Dr. Graciela Mohamedi, a Boston native and former U.S. Marine, said during the March for Science last year she stood in the crowd fighting for funding education, accepting the truth of climate change and achieving equity.
“We stood in the cold and in the rain, and we promised that we would be back every year until our demands were meant,” Mohamedi said. “So here we are again — standing in the cold to remind our representatives that science matters.”
Mohamedi is a physics and engineering professor and lecturer at Boston University and said she speaks on behalf of a job that should spark intellectual development.
“As a person, I believe that every child has the right to a quality education,” Mohamedi said. “As a science educator, it is my job to ensure that the inherent scientific curiosity of all of my students is nurtured.”
Mohamedi spoke about bill S2325 which would better allocate funding equally to schools throughout Massachusetts and therefore limit the disparity that comes with property tax funding.
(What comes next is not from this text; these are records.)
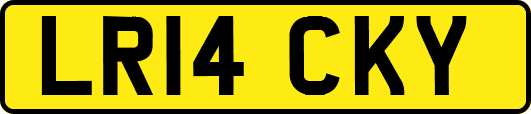LR14CKY
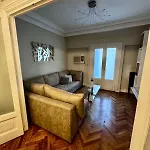 Gran Departamento En Pleno Corazon De Buenos Aires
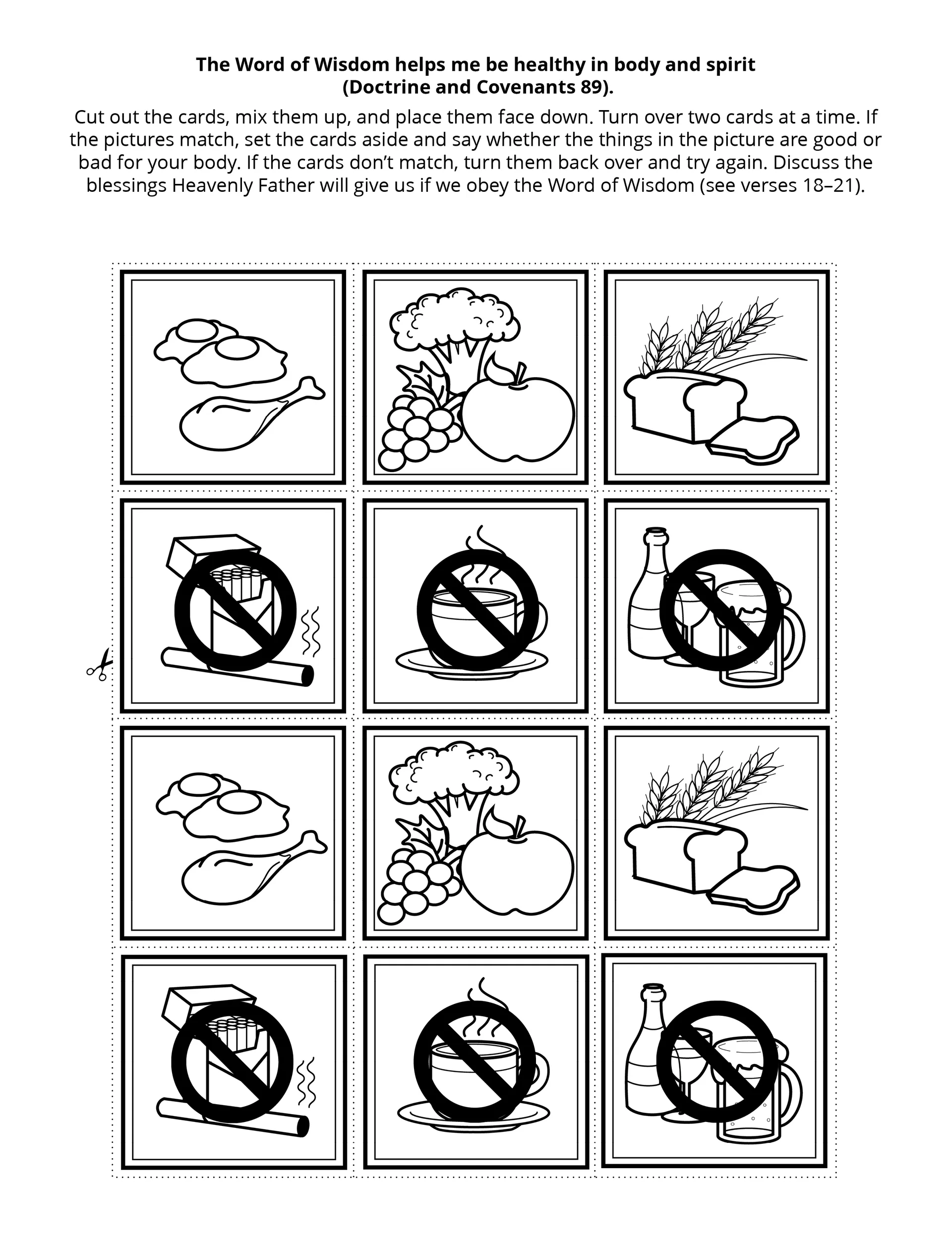 Come, Follow Me for Home and Church - 2025 Doctrine and Covenants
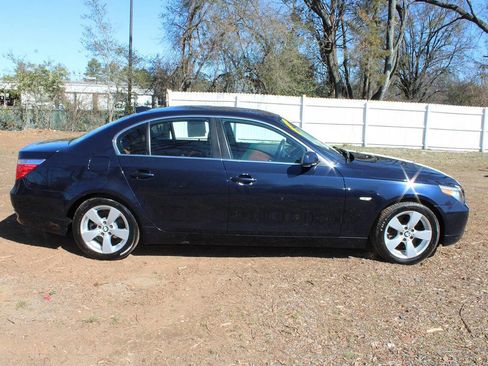 Used 2007 BMW 530xi Sedan image 6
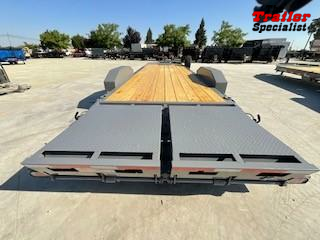 new Equipment / Flatbed Trailers Diamond C Trailers  for sale, in Acampo, CA Thumbnail 5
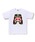 A BATHING APE�i�A�x�C�V���O�G�C�v�j�́u1ST CAMO TIGER TEE�iT�V���c/�J�b�g�\�[�j�v�b�z���C�g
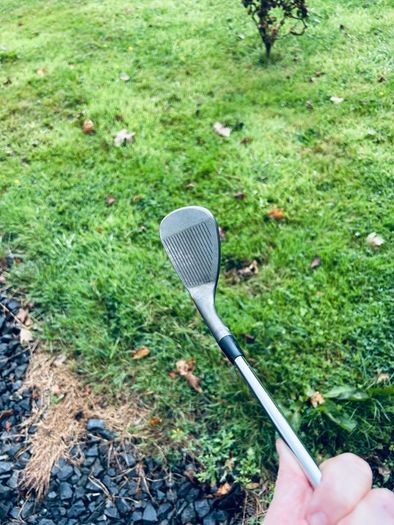 Titleist Vokey SM10 50deg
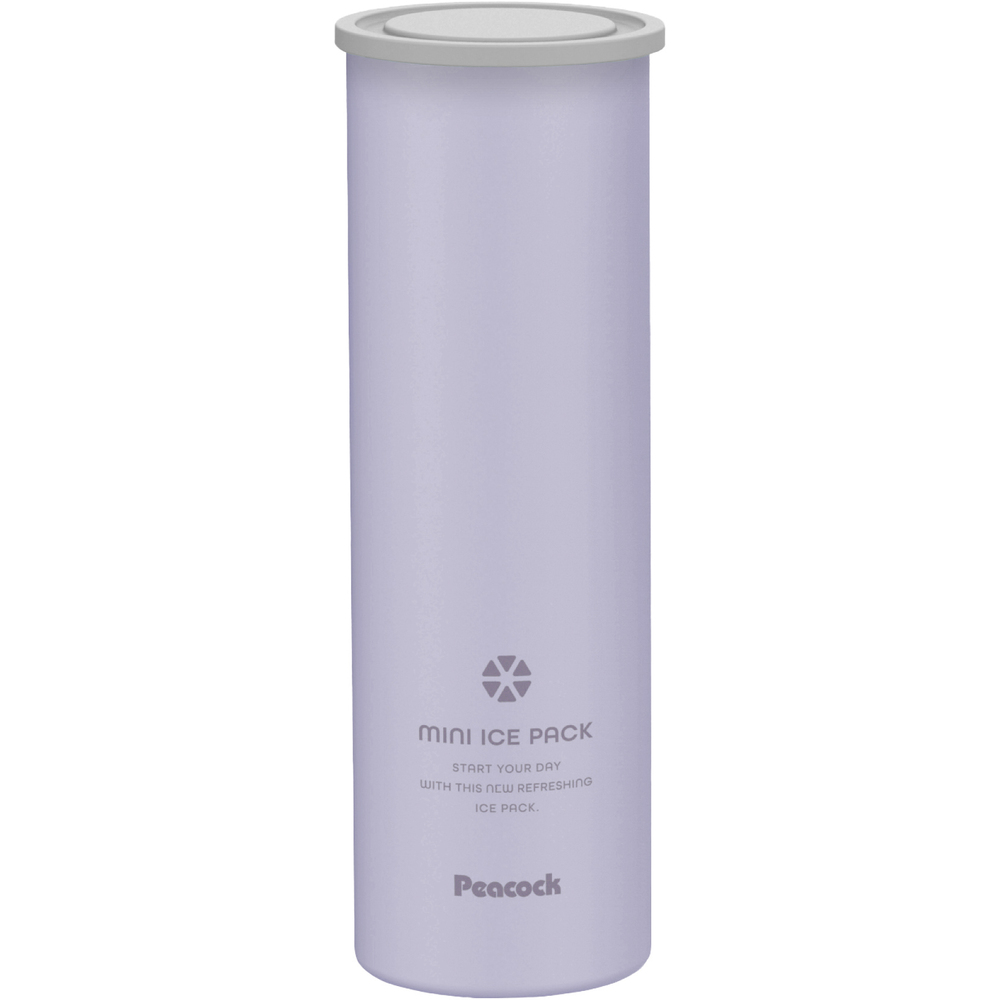 ピーコック Peacock ピーコック ミニアイスパック 中 ABB-M15 通販 アイスパック 氷嚢 氷のう ひょうのう ネッククーラー 保冷 ひんやり 冷却 暑さ対策 |  | 01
The current law allows areas with higher property taxes to better fund their schools disproportionately.
“You don’t need a PhD to see that segregation within our elementary and secondary education leads to a segregated workforce, a segregated scientific community,” Mohamedi said. “Education is a right not just for the rich and the white.”
Dr. Christopher Barsotti, an emergency medicine physician, spoke on the need for more research funding, specifically pertaining to gun violence, which he often sees first hand.
Barsotti used examples such an opioid prevention, car crashes and HIV to show how research and funding helped alleviate these national issues.
“We, as a society, have not invested in research,” Barsotti said. “You will never figure out how to solve a public health crisis without investing in the process.”
Residents throughout New England came to show support for a second year in a row and advocate for more funding and better recognition of scientific contributions.
Dan Cooper, a 35-year-old Somerville resident, said he and his brother Doug, a 40-year-old living in Nashua, New Hampshire, have come to both marches. Dan Cooper said science isn’t respected and he’d like to see that change.
“It’s not given the credence it deserves, and the fact that fact isn’t something that’s universally respected is kind of a sad state of affairs,” Dan Cooper said.
Boston College freshmen Carmen Hamm, an environmental science major, and Chloe Zensky, a political science major, came to fight for better policy.
“I’m really interested in sustainable agriculture,” Zensky said. “I’d like to see better farming and agriculture policies in the United States because I think they have a really big impact on everything else.”